▼

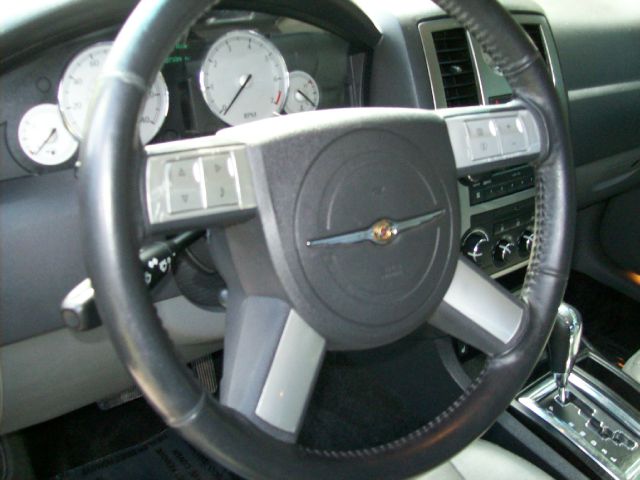 Chrysler 300 2005 photo 10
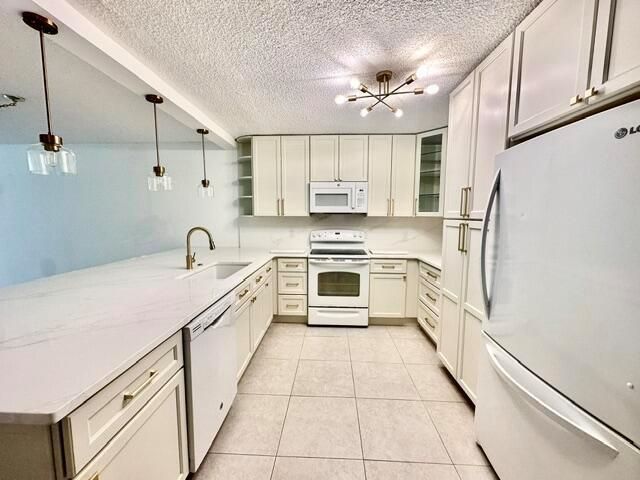 Open Kitchen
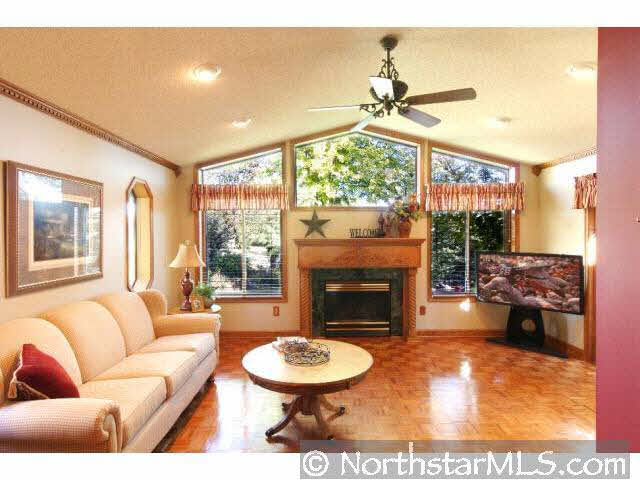 709 Shady Ridge Road Northwest Hutchinson, MN 55350 - Photo 4 of 10 Gallery Image 4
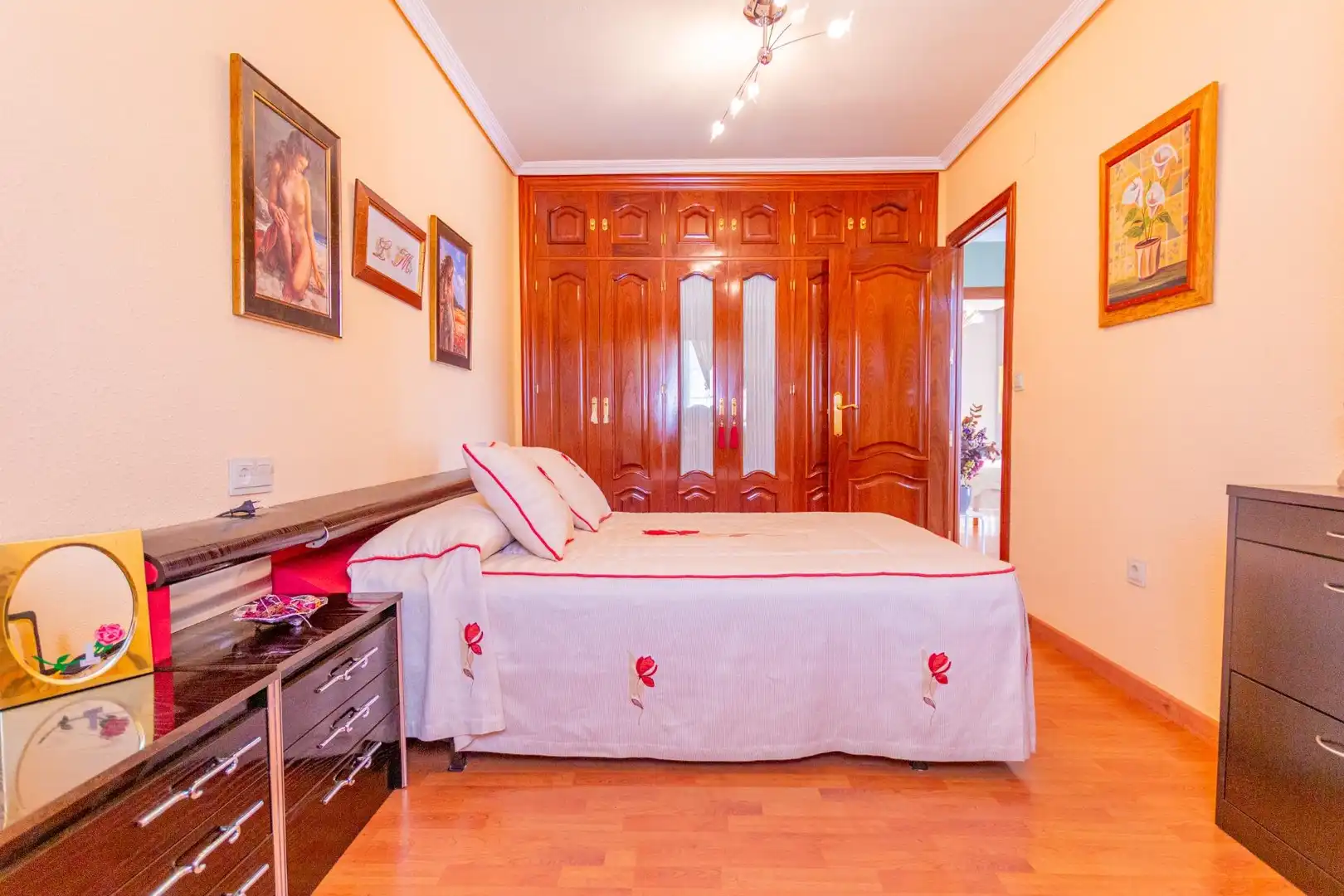 Dormitori de Casa o xalet en venda en San Juan de los Terreros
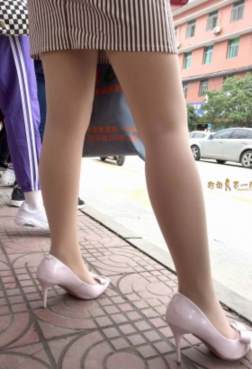 请问你要不要一起陪她去等车[<font color=red>19P</font>]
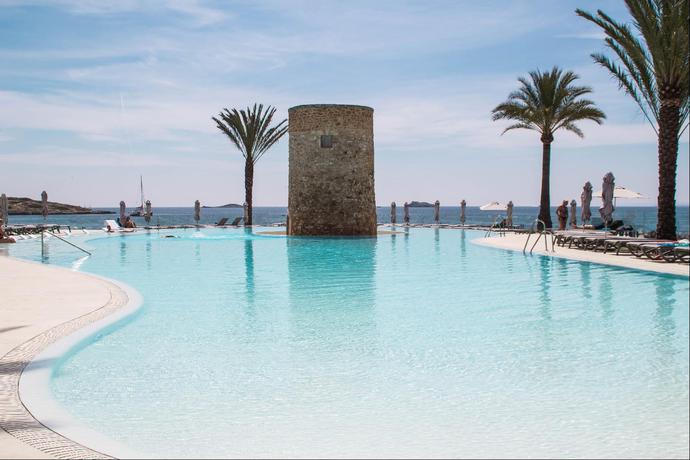 Imagen de la piscina del Hotel Torre Del Mar. Foto 42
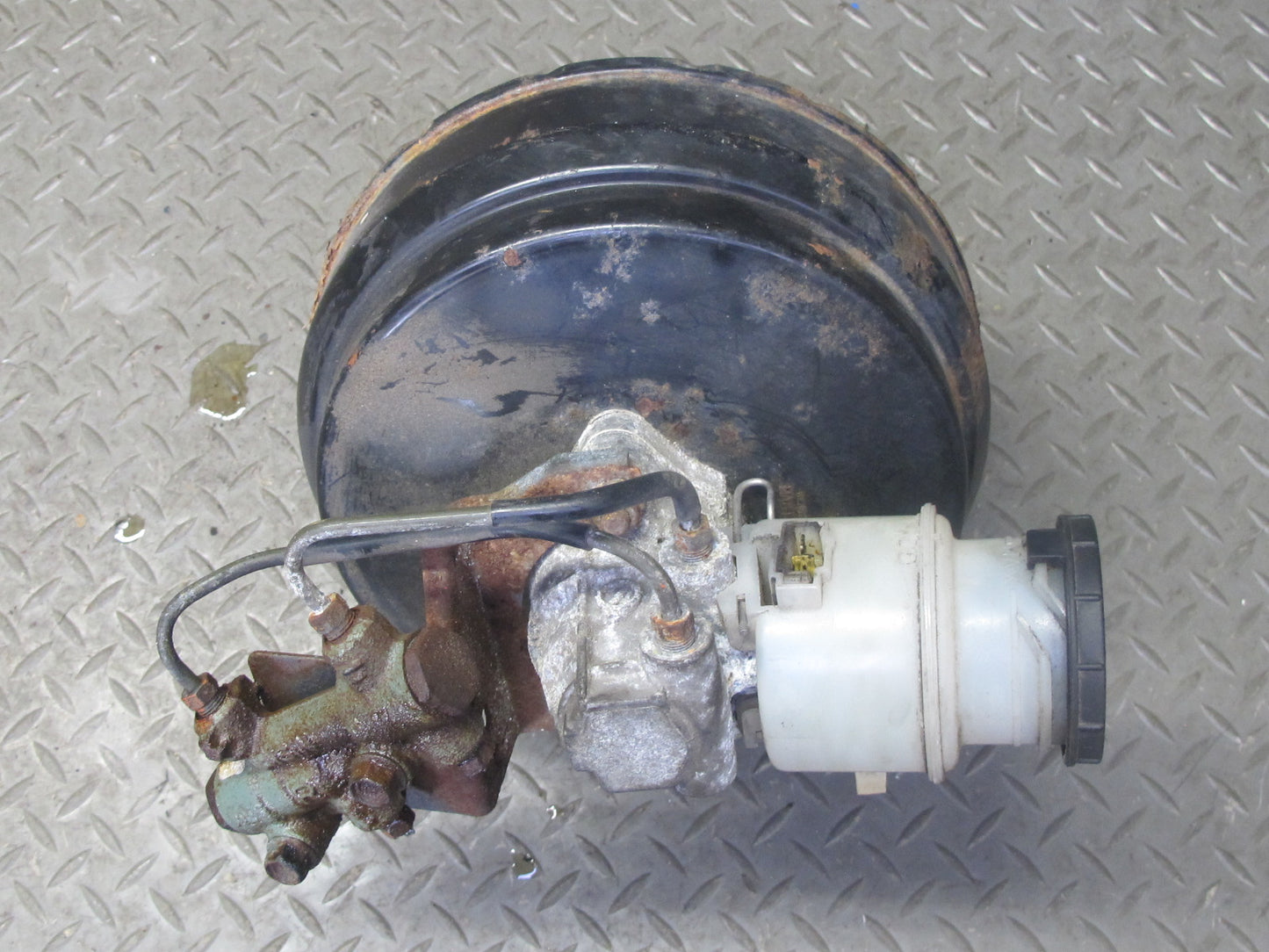 99-01 Isuzu Vehicross Brake Master Cylinder Booster Fluid Reservoir OEM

▲

# [GOAL OF THE EXERCISE]
Reproduce all entries exactly. Pictures do not belong in the copy.

# [SOLUTION TO THE PROBLEM]
 Chrysler 300 2005 photo 10
 Open Kitchen
 709 Shady Ridge Road Northwest Hutchinson, MN 55350 - Photo 4 of 10 Gallery Image 4
 Dormitori de Casa o xalet en venda en San Juan de los Terreros
 请问你要不要一起陪她去等车[<font color=red>19P</font>]
 Imagen de la piscina del Hotel Torre Del Mar. Foto 42
 99-01 Isuzu Vehicross Brake Master Cylinder Booster Fluid Reservoir OEM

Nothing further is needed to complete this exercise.